By the way, according to the evidence so far, the universe did start from something simple--with the huge and inevitable potential to expand. Consider your logic annihilated

Annihilation nothing! Hahaha. Your continuous stream of non sequiturs and red herrings do NOTHING to even diminish my logic. On the other hand I have repeatedly obliterated your pseudo-logic and pretense at knowledge.

And just to tie up a loose end...

The honest answer to the question, "Where is memory stored" is "We don't know".

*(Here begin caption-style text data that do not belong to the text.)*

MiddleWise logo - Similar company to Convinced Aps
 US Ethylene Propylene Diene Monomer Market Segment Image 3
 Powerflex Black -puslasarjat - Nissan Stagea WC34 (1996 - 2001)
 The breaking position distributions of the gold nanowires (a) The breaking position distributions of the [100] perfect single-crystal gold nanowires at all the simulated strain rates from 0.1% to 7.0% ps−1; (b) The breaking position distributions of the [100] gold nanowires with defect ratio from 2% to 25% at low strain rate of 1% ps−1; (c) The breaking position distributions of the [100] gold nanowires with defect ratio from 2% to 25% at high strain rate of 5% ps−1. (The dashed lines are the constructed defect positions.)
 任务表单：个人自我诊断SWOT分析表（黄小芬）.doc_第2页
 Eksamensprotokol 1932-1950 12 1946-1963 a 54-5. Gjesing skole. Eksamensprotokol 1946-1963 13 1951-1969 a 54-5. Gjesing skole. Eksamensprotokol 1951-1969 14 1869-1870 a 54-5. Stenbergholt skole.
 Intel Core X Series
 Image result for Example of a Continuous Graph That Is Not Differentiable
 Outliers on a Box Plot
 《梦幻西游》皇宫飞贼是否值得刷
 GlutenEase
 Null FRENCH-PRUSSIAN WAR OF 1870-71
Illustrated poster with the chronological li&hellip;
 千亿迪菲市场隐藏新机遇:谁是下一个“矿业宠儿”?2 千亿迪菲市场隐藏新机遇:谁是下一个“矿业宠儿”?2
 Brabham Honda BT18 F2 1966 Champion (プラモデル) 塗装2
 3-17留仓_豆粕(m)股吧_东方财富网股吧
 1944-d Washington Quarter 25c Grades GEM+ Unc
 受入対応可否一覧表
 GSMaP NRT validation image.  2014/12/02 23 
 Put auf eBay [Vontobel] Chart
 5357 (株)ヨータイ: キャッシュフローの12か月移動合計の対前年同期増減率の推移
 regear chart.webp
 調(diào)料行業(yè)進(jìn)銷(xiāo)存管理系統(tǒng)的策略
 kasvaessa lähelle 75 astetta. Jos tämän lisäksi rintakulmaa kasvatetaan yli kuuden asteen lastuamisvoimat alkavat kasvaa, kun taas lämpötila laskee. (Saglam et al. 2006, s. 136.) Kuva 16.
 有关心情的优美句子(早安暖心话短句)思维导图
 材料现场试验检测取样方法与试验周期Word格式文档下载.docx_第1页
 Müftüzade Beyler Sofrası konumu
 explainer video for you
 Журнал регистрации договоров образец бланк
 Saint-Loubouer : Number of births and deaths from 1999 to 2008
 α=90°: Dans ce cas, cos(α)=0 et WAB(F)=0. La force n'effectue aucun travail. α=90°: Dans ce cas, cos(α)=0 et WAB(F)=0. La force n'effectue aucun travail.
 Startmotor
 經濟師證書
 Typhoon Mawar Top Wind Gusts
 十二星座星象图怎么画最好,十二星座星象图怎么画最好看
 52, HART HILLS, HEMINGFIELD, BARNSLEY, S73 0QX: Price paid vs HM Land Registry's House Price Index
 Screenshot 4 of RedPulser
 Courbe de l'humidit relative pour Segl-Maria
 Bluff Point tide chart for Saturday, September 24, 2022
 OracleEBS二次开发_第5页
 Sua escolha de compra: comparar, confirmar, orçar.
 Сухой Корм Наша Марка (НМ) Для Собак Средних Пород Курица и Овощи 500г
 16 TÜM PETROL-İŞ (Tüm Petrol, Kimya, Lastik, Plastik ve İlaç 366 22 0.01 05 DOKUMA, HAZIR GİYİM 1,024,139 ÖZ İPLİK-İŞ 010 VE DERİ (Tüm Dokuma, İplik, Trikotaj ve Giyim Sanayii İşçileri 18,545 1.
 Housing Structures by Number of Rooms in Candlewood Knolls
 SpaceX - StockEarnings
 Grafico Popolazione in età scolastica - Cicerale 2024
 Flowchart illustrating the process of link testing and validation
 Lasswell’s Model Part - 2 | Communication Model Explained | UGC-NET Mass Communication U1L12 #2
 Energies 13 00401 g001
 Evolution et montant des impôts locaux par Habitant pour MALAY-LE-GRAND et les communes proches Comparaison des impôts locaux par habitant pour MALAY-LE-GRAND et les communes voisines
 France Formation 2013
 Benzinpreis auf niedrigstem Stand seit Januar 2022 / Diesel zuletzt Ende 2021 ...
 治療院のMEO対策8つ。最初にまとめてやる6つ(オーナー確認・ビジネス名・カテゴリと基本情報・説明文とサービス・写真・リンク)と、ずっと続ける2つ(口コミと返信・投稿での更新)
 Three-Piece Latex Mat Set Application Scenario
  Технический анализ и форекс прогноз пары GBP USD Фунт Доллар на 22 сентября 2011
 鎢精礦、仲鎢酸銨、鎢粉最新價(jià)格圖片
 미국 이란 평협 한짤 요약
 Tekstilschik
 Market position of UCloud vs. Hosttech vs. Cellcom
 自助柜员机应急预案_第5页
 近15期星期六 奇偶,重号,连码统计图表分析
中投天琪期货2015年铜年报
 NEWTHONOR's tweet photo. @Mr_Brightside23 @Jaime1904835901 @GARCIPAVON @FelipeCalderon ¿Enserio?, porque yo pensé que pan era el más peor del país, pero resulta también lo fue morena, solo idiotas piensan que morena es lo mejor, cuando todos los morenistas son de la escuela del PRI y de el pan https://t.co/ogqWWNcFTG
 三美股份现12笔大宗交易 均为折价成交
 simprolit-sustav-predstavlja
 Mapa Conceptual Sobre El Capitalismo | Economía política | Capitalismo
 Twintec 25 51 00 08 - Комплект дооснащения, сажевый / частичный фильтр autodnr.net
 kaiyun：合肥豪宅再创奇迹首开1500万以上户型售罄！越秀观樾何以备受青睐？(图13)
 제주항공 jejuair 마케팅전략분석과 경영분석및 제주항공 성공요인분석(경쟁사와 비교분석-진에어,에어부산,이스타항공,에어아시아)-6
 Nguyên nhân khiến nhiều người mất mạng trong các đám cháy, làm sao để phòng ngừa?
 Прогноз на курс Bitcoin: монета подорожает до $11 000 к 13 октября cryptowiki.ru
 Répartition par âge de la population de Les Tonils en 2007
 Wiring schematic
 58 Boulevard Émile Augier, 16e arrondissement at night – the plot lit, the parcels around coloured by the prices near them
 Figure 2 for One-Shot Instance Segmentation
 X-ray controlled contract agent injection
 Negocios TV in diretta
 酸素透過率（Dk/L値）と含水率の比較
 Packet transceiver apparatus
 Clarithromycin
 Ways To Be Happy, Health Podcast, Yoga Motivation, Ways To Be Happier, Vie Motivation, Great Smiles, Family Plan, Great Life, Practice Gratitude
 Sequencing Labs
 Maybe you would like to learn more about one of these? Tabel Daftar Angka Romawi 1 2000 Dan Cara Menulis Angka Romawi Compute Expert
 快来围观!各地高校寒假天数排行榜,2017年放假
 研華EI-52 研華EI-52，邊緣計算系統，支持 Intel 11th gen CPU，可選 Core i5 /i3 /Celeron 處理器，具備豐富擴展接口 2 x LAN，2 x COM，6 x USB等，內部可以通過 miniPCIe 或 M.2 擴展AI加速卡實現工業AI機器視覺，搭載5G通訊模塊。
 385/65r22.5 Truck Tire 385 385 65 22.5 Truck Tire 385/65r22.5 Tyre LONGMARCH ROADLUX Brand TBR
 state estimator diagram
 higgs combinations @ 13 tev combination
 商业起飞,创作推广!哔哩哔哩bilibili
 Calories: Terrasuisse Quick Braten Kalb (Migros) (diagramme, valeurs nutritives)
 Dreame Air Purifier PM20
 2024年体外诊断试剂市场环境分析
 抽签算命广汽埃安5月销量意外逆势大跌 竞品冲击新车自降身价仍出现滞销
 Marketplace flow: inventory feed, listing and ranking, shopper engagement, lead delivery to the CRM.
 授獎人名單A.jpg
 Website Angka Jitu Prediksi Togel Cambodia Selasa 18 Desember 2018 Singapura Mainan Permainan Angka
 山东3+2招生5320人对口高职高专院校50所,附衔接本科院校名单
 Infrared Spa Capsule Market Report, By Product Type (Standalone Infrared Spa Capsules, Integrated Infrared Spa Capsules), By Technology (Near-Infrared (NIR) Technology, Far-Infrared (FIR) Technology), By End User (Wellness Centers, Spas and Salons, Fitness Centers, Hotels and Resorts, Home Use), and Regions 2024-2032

First it was believed to be stored in the neurons, but when it was realized there weren't enough it evolved to synapses and when it was determined there still weren't enough they morphed it to combinations and permutations of synaptic interaction ... whatever that is.... Even the neuroscientists clinging to this great hope of the atheist materialists are honest enough to admit they really have no idea how this works or even if it is actually accurate. It is just a theory and the whole "gee, well, we kinda think now that memories are not really stored anywhere as fixed data but are reconstructions made in the present moment which explains how so many have faulty memories...." (paraphrased). They do not bother to address how many people can demonstrate dead on accurate recall of the most minute and voluminous detail of an event from decades ago, even though they never thought about it once in the interim. They can even recall detail that they made no conscious recognition of in the past, such as a license plate number they paid no attention to at all, at the time.

Neuroscience is completely befuddled by the reality of "memory".